EXERCISE DIRECTIONS: Restate, exactly as written, the entries below from the line that holds "LEMOMO Red Thermal" through the line that holds "INtrenDU Buddhafigur Gartenfigur". Pictures are not part of the copy.

DATA SHOWN:
=======

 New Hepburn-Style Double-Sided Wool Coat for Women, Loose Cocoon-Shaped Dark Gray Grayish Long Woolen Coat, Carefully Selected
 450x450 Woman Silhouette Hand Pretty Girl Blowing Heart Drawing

=======

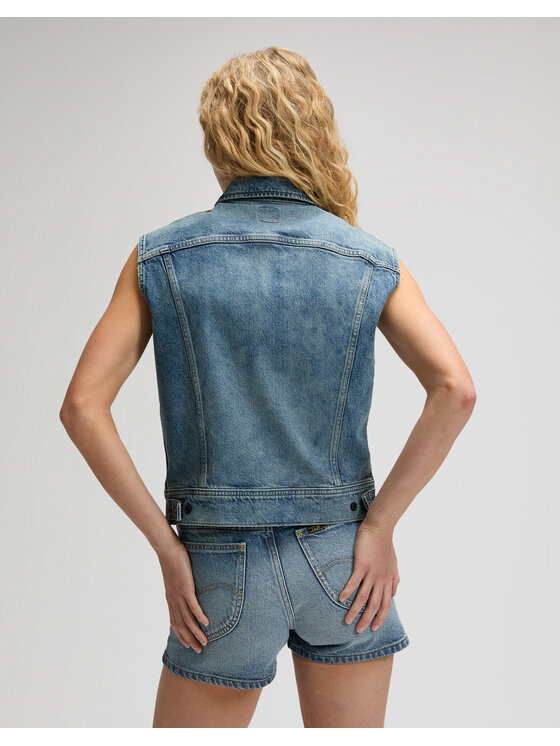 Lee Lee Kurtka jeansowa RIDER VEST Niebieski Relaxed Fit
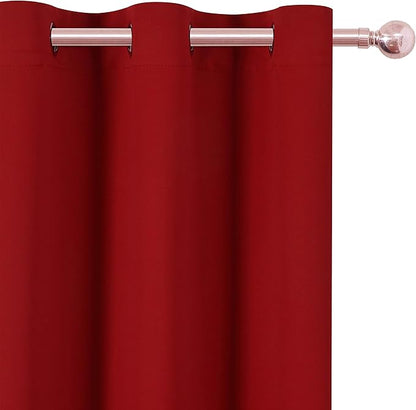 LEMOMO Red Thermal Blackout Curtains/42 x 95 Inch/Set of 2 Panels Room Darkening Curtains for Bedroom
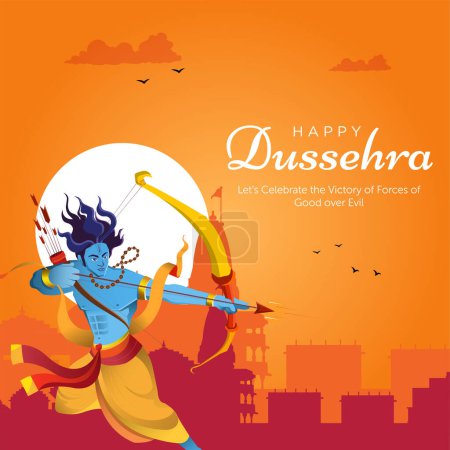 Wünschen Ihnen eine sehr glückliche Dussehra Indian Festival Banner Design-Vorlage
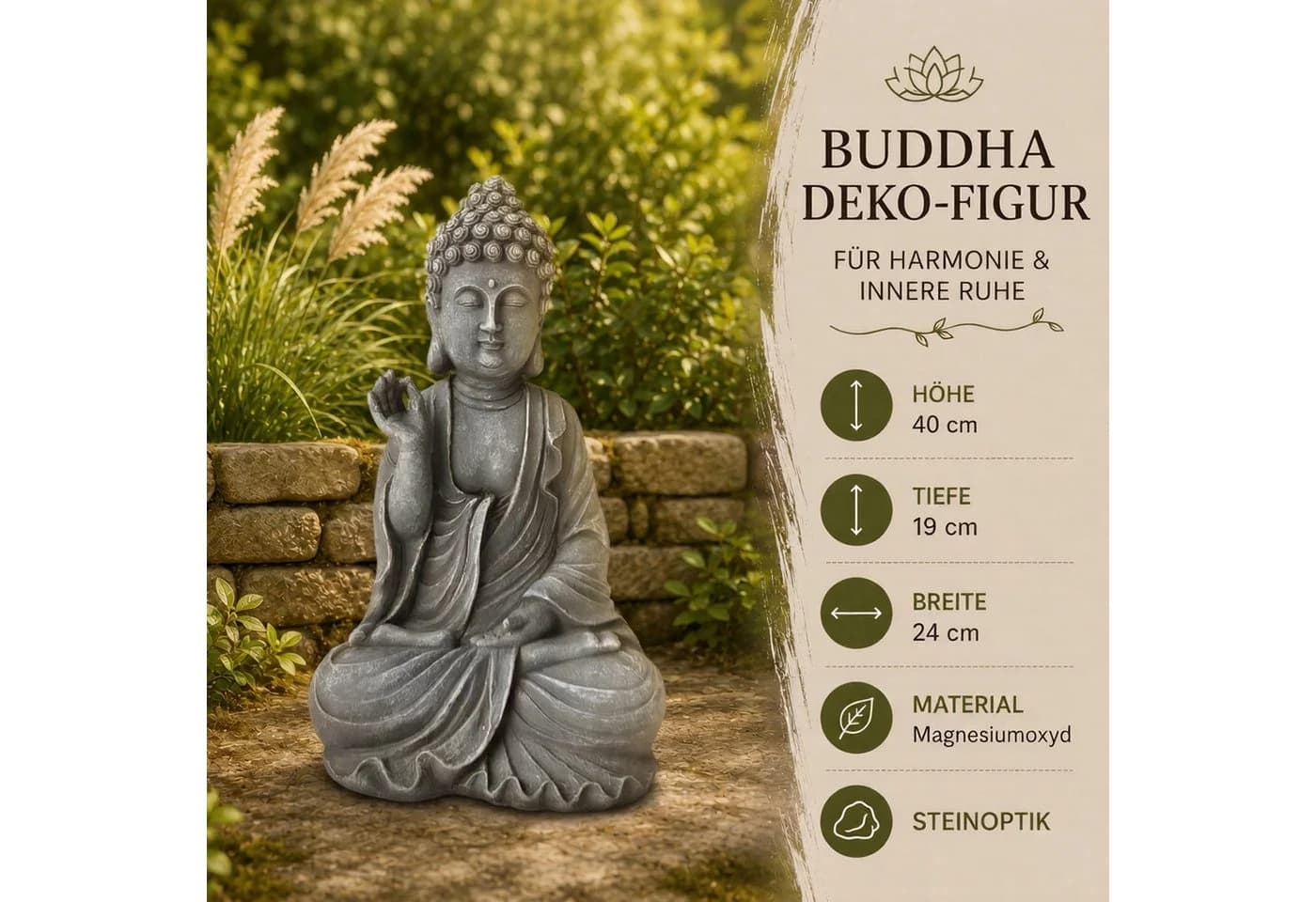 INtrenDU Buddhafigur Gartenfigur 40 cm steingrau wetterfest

=======

SOLUTION TO THIS TASK:
 LEMOMO Red Thermal Blackout Curtains/42 x 95 Inch/Set of 2 Panels Room Darkening Curtains for Bedroom
 Wünschen Ihnen eine sehr glückliche Dussehra Indian Festival Banner Design-Vorlage
 INtrenDU Buddhafigur Gartenfigur 40 cm steingrau wetterfest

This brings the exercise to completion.